* [GIVEN DATA]:
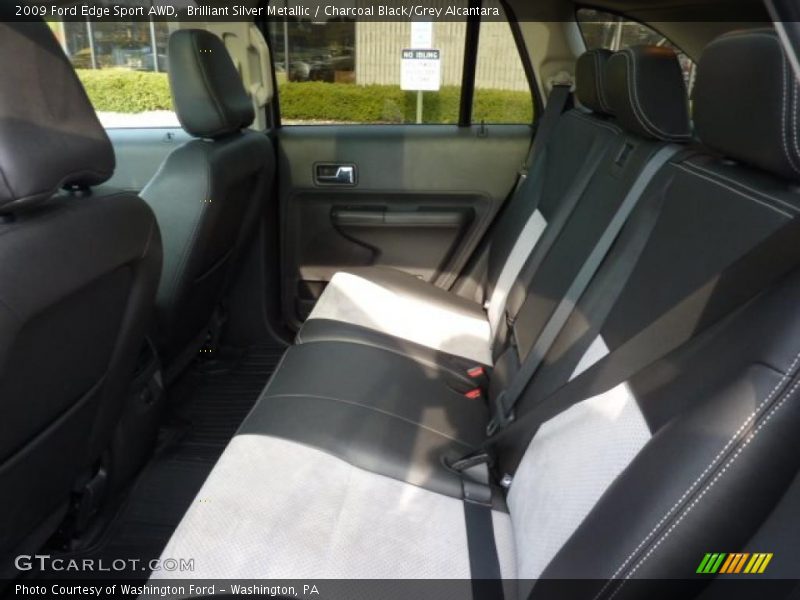 Brilliant Silver Metallic / Charcoal Black/Grey Alcantara 2009 Ford Edge Sport AWD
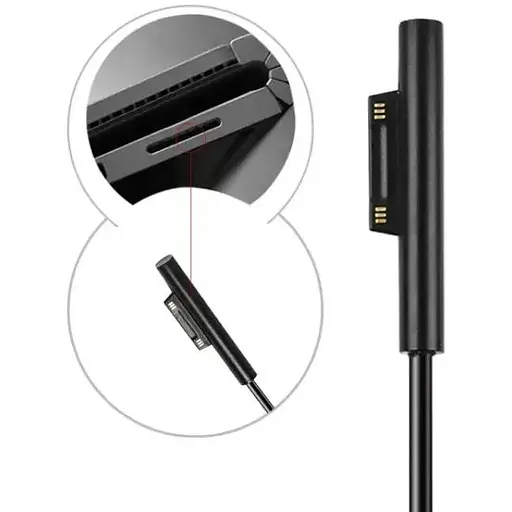 Кабель DK 180см Cable Type-C / USB-C для Microsoft Surface Go / Book/Laptop / Pro black - фото 3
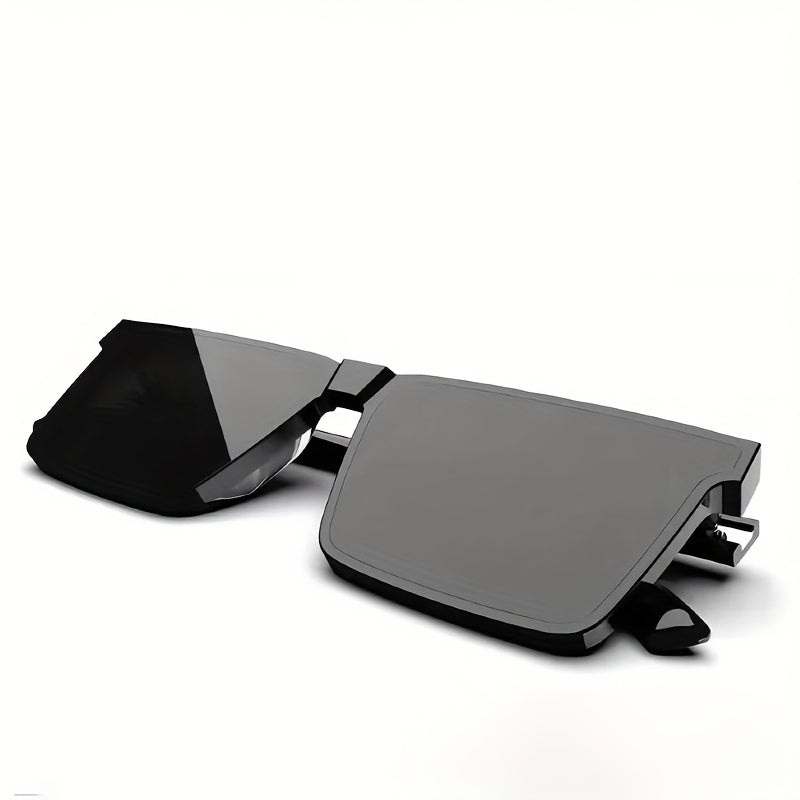 Retro Square Black Sunglass Unisex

* [TASK DETAILS]:
Apart from the pictures, all of the data must be duplicated exactly as shown above.

* [SOLVED PROBLEM]:
 Brilliant Silver Metallic / Charcoal Black/Grey Alcantara 2009 Ford Edge Sport AWD
 Кабель DK 180см Cable Type-C / USB-C для Microsoft Surface Go / Book/Laptop / Pro black - фото 3
 Retro Square Black Sunglass Unisex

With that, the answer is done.